In Literatur und Kunst fordert der serbische Schriftsteller Vladimir Arsenijevic seine Landsleute dazu auf, sich mit der Realität eines unabhängigen Kosovos zu arrangieren. Es sei absurd, wie Belgrader Politiker den "Widerstand gegen den gesunden Menschenverstand" zur patriotischen Pflicht erklärten: "Mit Hilfe der populistischen Medien schaffen sie es, der frustrierten und traumatisierten serbischen Gesellschaft die aggressive Wut des Verlierers aufzuprägen. Serbien, so die Überzeugung, darf nicht nachgeben. Stolz hat Serbien die Entscheidung getroffen, die Realität abzulehnen. Es akzeptiert sie einfach nicht! Nicht nur jetzt, sondern nie mehr. Zum Teufel mit der Realität! ?Kosovo ist Serbien!? Und Schluss!!"
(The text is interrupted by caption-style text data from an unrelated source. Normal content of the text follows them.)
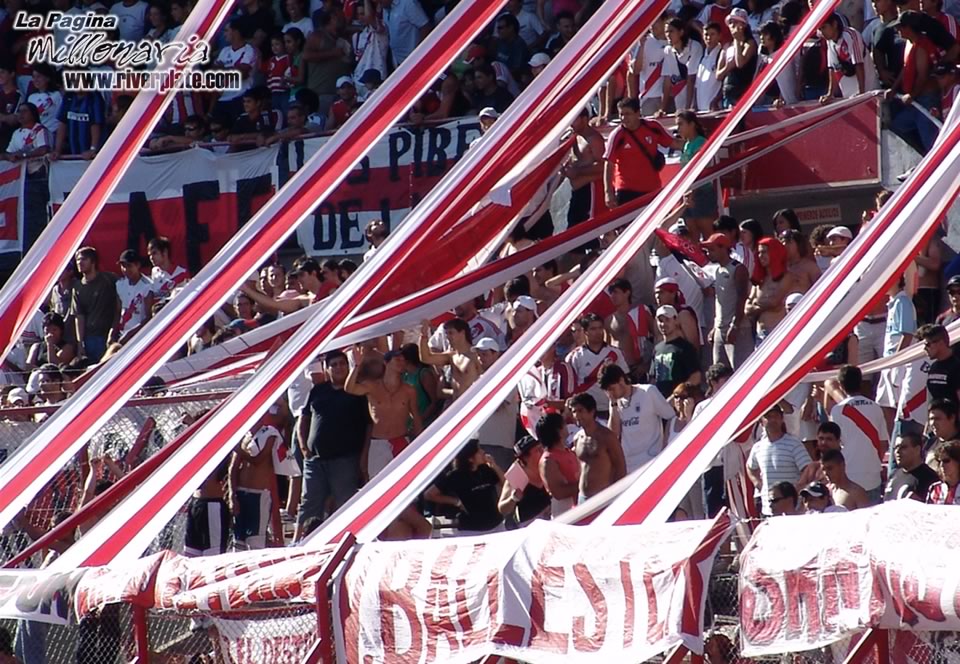 River Plate vs Lanús (CL 2007) 12
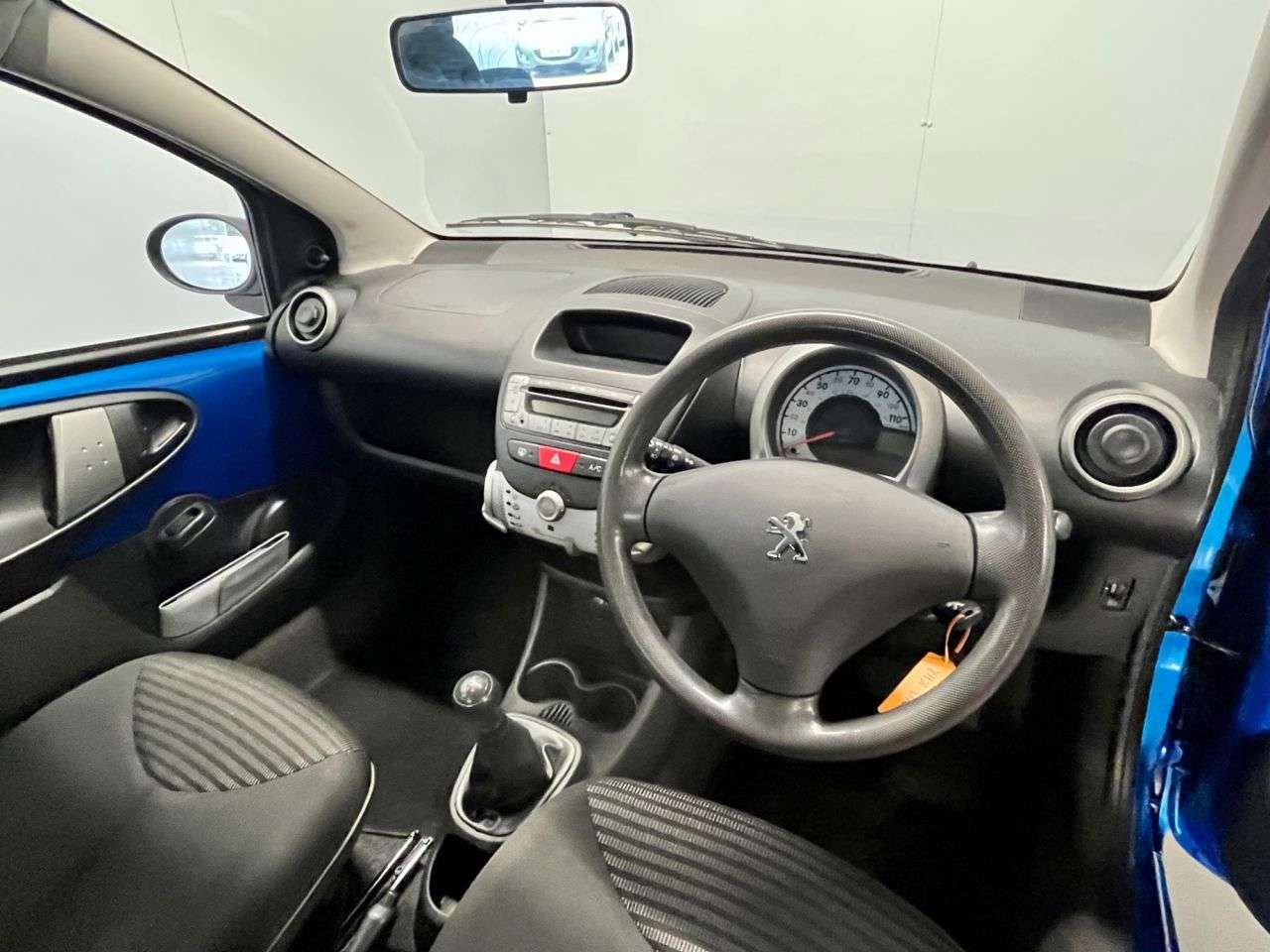 2012 PEUGEOT 107 2012 PEUGEOT 107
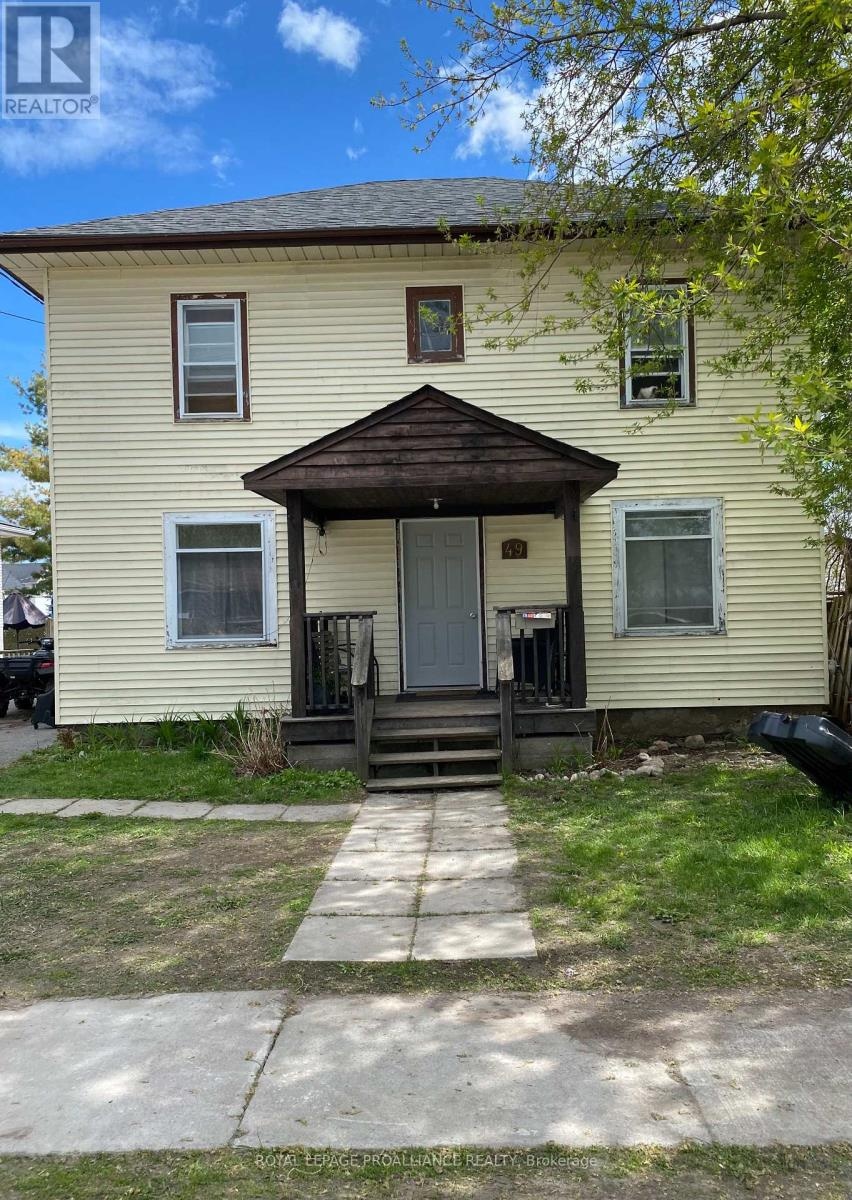 49 Crown Street, Quinte West, Ontario  K8V 1P1 - Photo 2 - X13122428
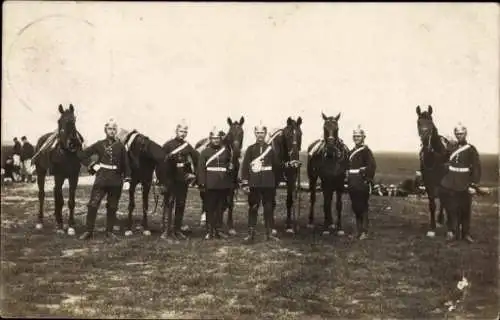 Foto Ak Deutsche Soldaten in Uniformen mit Pferden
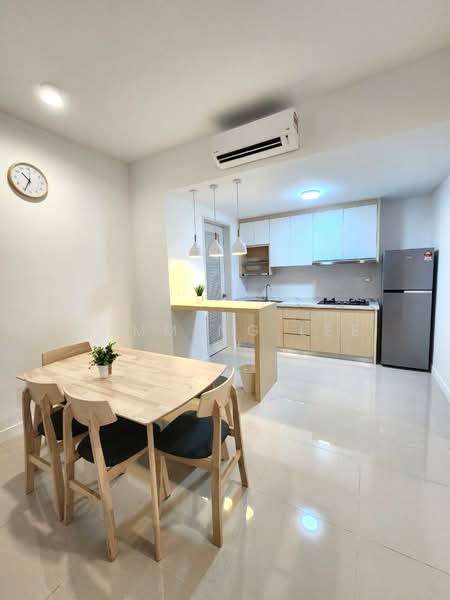 Emerald Hill untuk Untuk Disewa - RM 2,600 /bulan, Mac 2026 - Kitchen - PropertyGuru.com.my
Außerdem zeigt diese sehr gehaltvolle Beilage, wie die Auseinandersetzung mit dem Islam auch aussehen kann: Die Arabistik-Professorin Angelika Neuwirth erklärt in einem sehr gelehrten Text, warum das Projekt "Corpus Coranicum" in seiner historisch-kritischen Exegesen den Koran in der europäischen Spätantike verortet und damit die Aufteilung der arabischen Geschichte in eine Zeit der Unwissenheit und eine islamische aufhebt. Der Islamwissenschaftler Tilman Nagel beschreibt die machtpolitischen Anfänge des Islams. Und Navid Kermani schreibt in der Reihe Bildansichten über Gerhard Richters Fenster im Kölner Dom.

Im Feuilleton kann Angela Schader den zum Teil schon wieder aus dem Internet genommenen Film "Fitna" des niederländischen Populisten Geert Wilders nicht ernst nehmen: "Der Film, der für westliche Aufgeklärtheit plädieren möchte, nimmt sein Maß ziemlich exakt an propagandistischen Machwerken islamistischer Provenienz; und er wartet seinerseits lediglich mit der bekannten antiislamischen Polemik auf."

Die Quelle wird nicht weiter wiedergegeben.